What you are asked to do
Because the copy must hold no pictures, return the data below with all of its words intact.

Data block
* * * * * * * * *

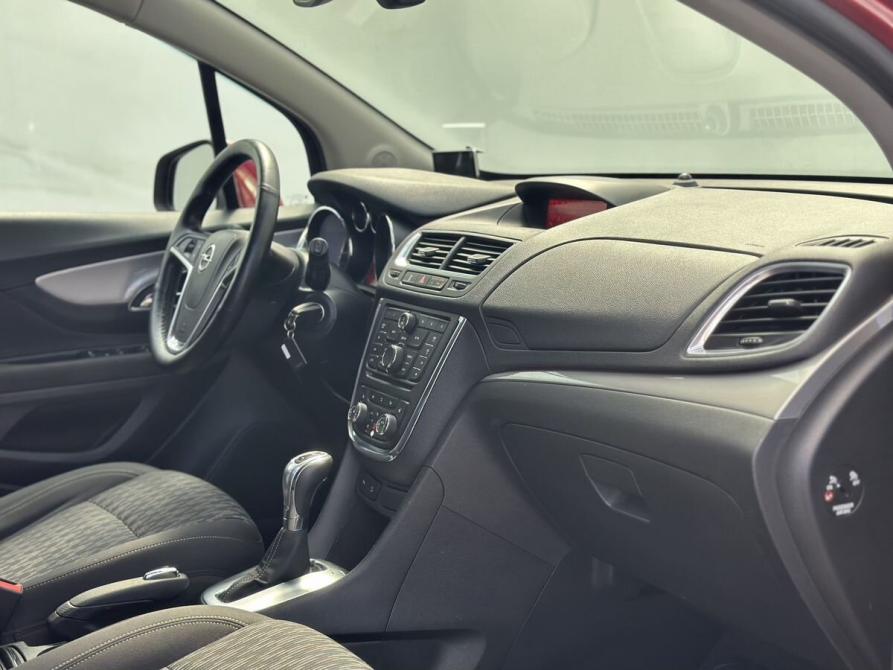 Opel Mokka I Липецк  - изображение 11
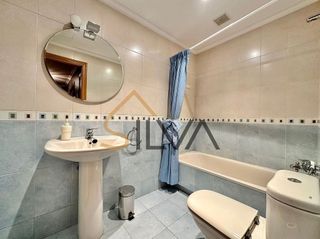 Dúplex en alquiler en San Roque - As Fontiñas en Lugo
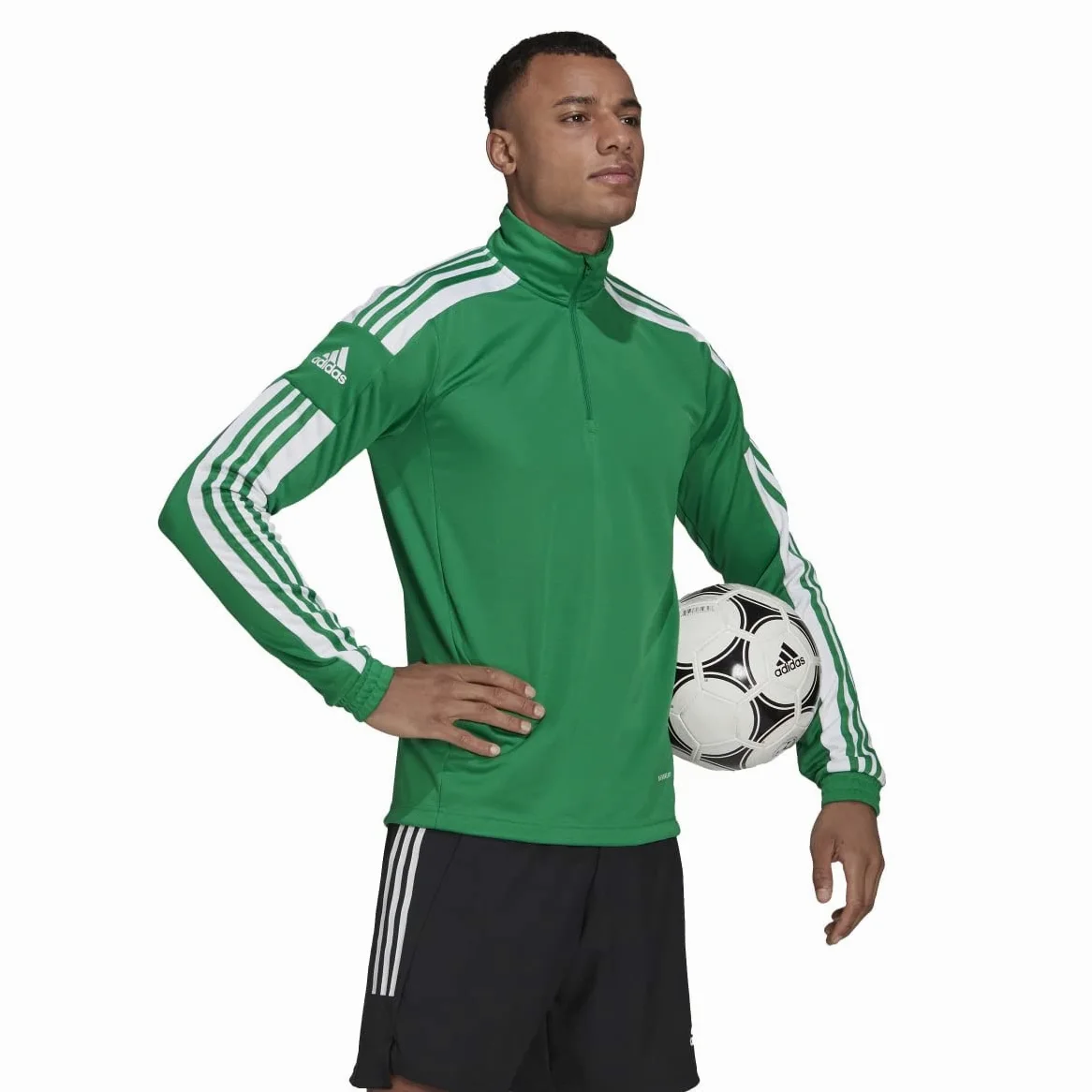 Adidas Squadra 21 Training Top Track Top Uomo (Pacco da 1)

* * * * * * * * *

Written answer
 Opel Mokka I Липецк  - изображение 11
 Dúplex en alquiler en San Roque - As Fontiñas en Lugo
 Adidas Squadra 21 Training Top Track Top Uomo (Pacco da 1)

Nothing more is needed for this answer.